So what exactly is personal finance? And how can you leverage it to make sound financial decisions? Here’s what you need to know. 

Personal finance definition 

Personal finance is personal money management. It refers to an individual’s strategies and habits for earning, spending, saving, and investing. Personal finance also encompasses various aspects of financial decision-making. Budgeting, saving for retirement, debt repayment, and purchasing insurance all fall under the personal finance umbrella. 

The fundamentals of personal finance

Developing financial literacy, i.e., knowledge and skills about managing money, can help you take control of your cash flow. While financial management is a pretty broad topic, there are a few areas of personal finance that are especially important to understand. Here are the basics. 

Earning an income 

Regular income provides financial security. It’s reassuring to know that if an emergency happens, you’ll be able to cover basic financial needs like housing, food, utilities, transportation, and healthcare. Maintaining a strong income is also the most reliable way to grow your net worth and reach your financial goals quickly. That could include saving for retirement, purchasing a home, funding your or your children’s education, or starting a business. 

The primary sources of income for most people include:

  • Employment:  Most individuals work for a company or organization and receive a regular paycheck in exchange for their services. Self-employment, freelancing, and gig work are also viable ways to generate income. The Occupational Outlook Handbook lists the average income and job outlook for most occupations.

  • Investments: You can also generate income from investments, such as stocks, bonds, or mutual funds. These can provide additional streams of revenue through dividends, interest, or capital gains.

  • Passive income: Passive income refers to earnings derived from sources that require minimal effort or time, such as rental properties, royalties from creative works, or income generated from online businesses. 

To manage your income effectively, it’s also important to understand the difference between disposable and discretionary income. 

  • Disposable income: This is what’s left after taxes have been deducted from your paycheck. It’s the money you have available to save, spend, or invest.

  • Discretionary income: This is the money you have after taking care of essential expenses, including housing, food, and transportation. It can be saved or invested, or used for non-essential spending. 

Budgeting 

Budgeting is the process of setting aside portions of your income for different spending categories. A good budget acts as a financial blueprint to make sure you’re effectively managing your money and maintaining a steady cash flow. While there is no one-size-fits-all approach to budgeting, here are some basic steps: 

  1. List your income and expenses: First determine your total income from all sources. Then, track your expenses for a month to understand where your money is currently going. You can do this using an Excel spreadsheet.
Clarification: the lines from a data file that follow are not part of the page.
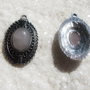 Pandantiv metalic argintiu antichizat cu cabochon oval din cuart roz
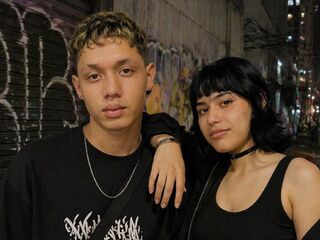 online video chat room AxelAndCloe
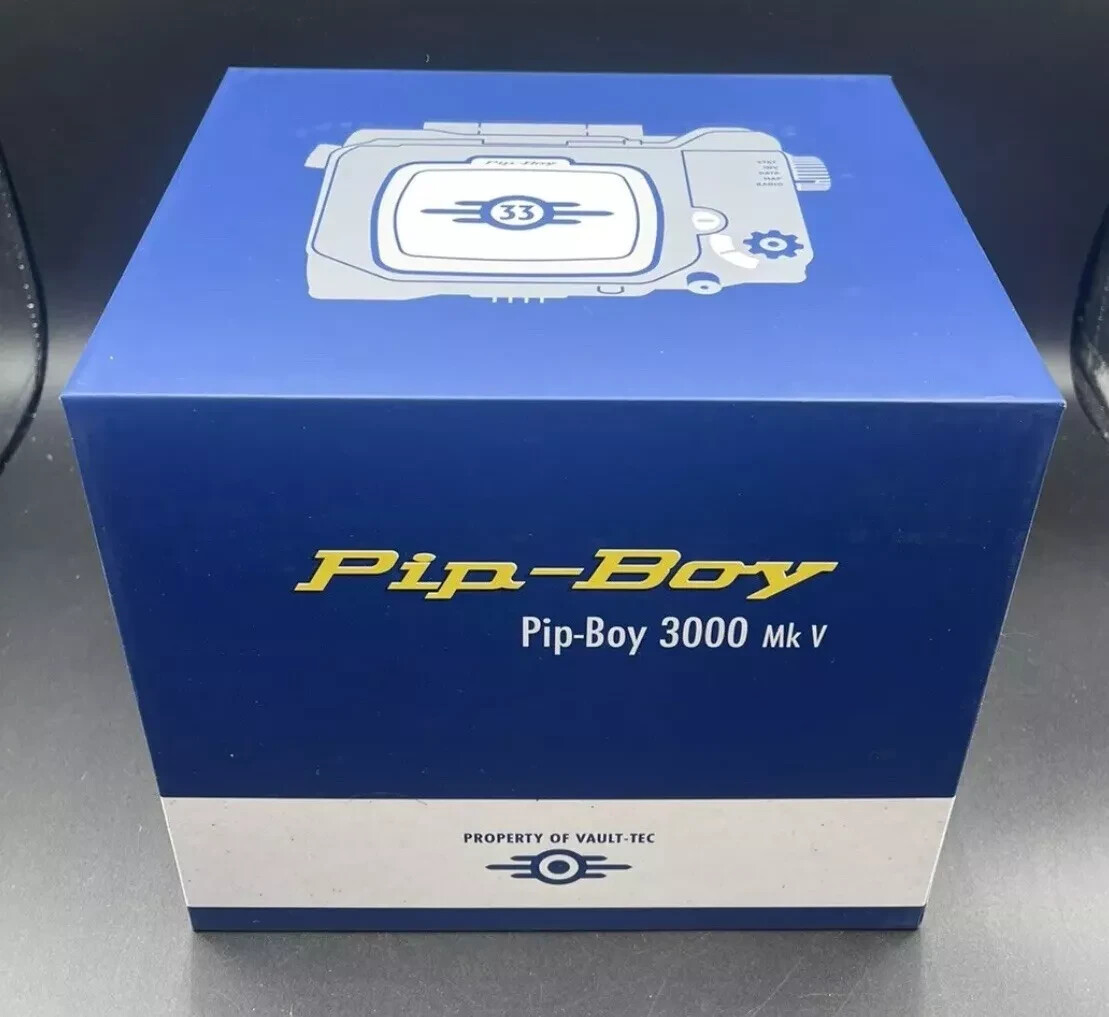 Fallout Series Pip-Boy 3000 Mk V Die-Cast Replica Vault 33 - In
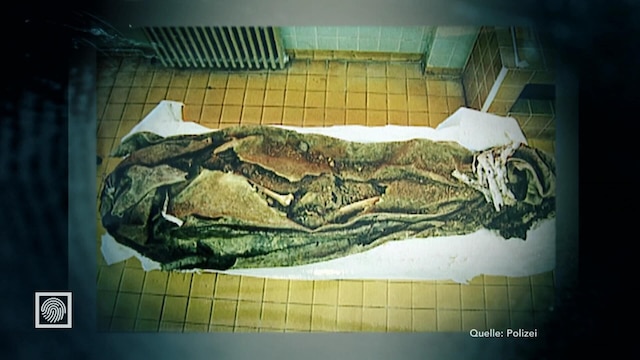 Im Tagebau Zwenkau wird ein Skelett gefunden, eingewickelt in einen Teppich.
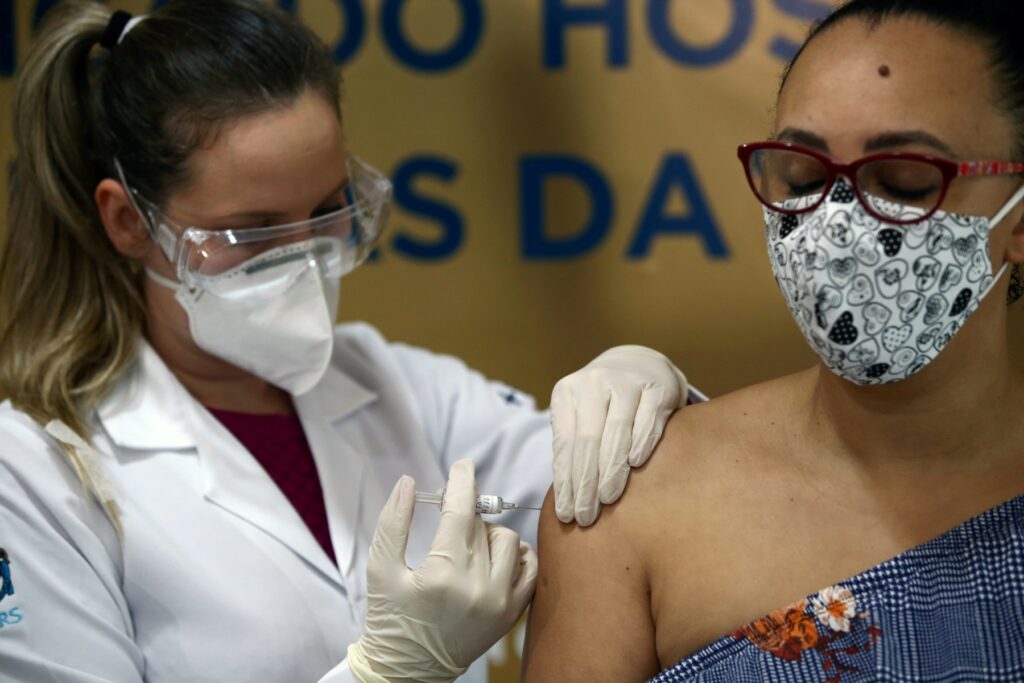 Brasil ultima compra de 70 millones de dosis de vacuna de Pfizer contra covid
  2. Categorize your expenses: Next, lump your expenses into different spending categories. These might include:

    • Housing

    • Utilities

    • Groceries

    • Transportation, including car payments and gas

    • Eating out

    • Entertainment and hobbies

    • Debt repayments

    • Savings or contributions to a retirement account, like a 401(k) or IRA

  3. Follow the 50/30/20 rule: Now it’s time to take a look at your actual spending and determine whether or not it matches your values and goals. One popular budgeting guideline is the 50/30/20 rule. This rule encourages you to spend:

    • 50% of your after-tax income on needs (like housing, utilities, groceries, and transportation)

    • 30% on wants (like eating out, entertainment, and hobbies)
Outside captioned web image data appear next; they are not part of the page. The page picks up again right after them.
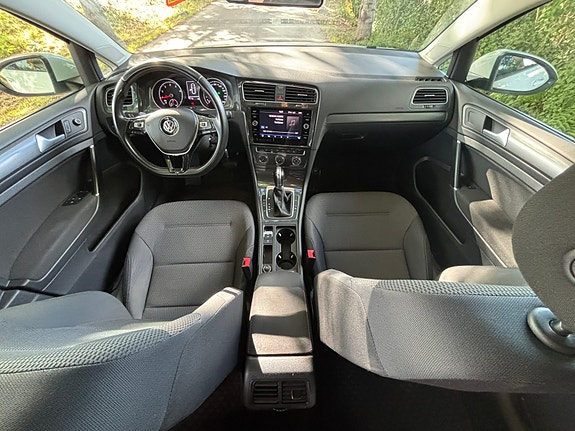 Volkswagen Golf VII 6 of 8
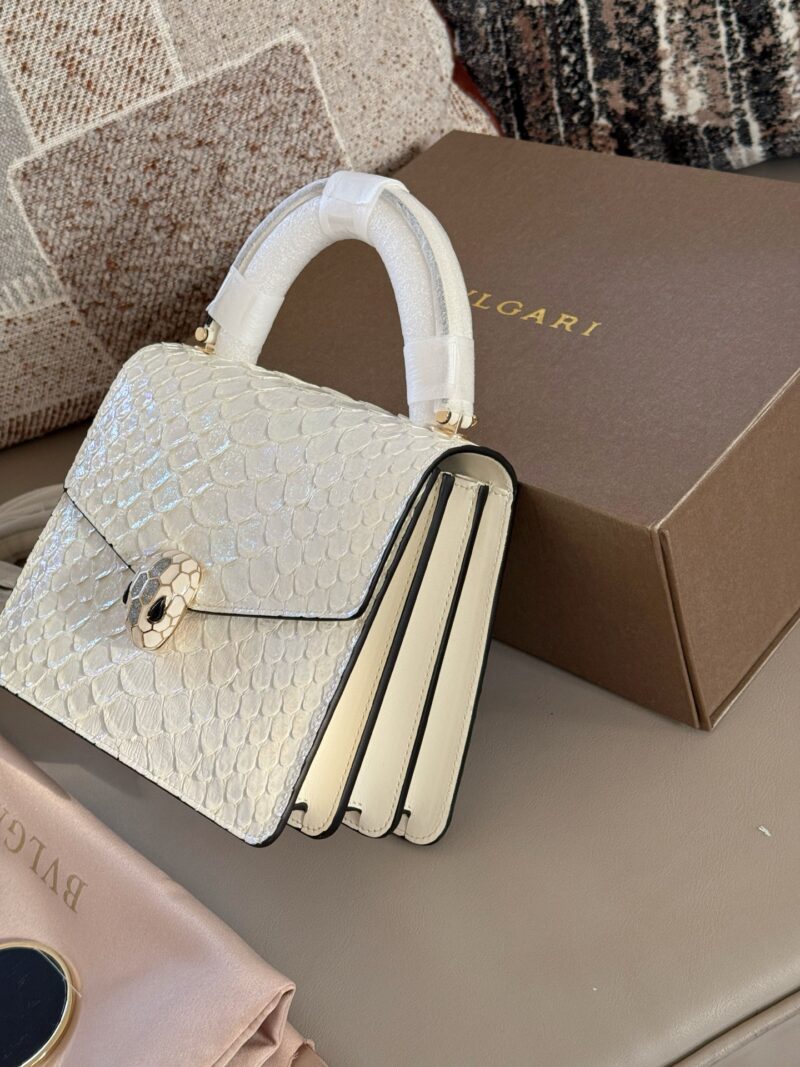 a459eeaefa.jpg 330 box
size:20.5*15cm
Bulgari cowhide
White versatile summer must-have
The bag is simple and exquisite, with an elegant upper body and temperament
Snakehead and chain showcase details
Three compartments capacity
A stylish outfit that won't go wrong!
    • 20% on savings, retirement contributions, and debt repayment

  4. Adjust based on your financial goals: Your budget should align with your goals and desires. If you have a specific savings target — such as a down payment on a house or a chunk of debt you’d like to pay off — you may want to reconfigure your budget to hit your goal within a reasonable timeframe.

  5. Pay yourself first: It can be tough to prioritize saving over spending. To stay disciplined, set aside a portion of each paycheck for savings or investments before you allocate funds to other categories. Treat savings as a fixed expense and automate regular contributions to your savings accounts.

  6. Review and adjust regularly: Your income, life circumstances, and goals will change over time. Be sure to monitor your budget regularly and adjust as needed. 

Saving and investing

Here are some popular vehicles for storing extra funds and making that money work for you.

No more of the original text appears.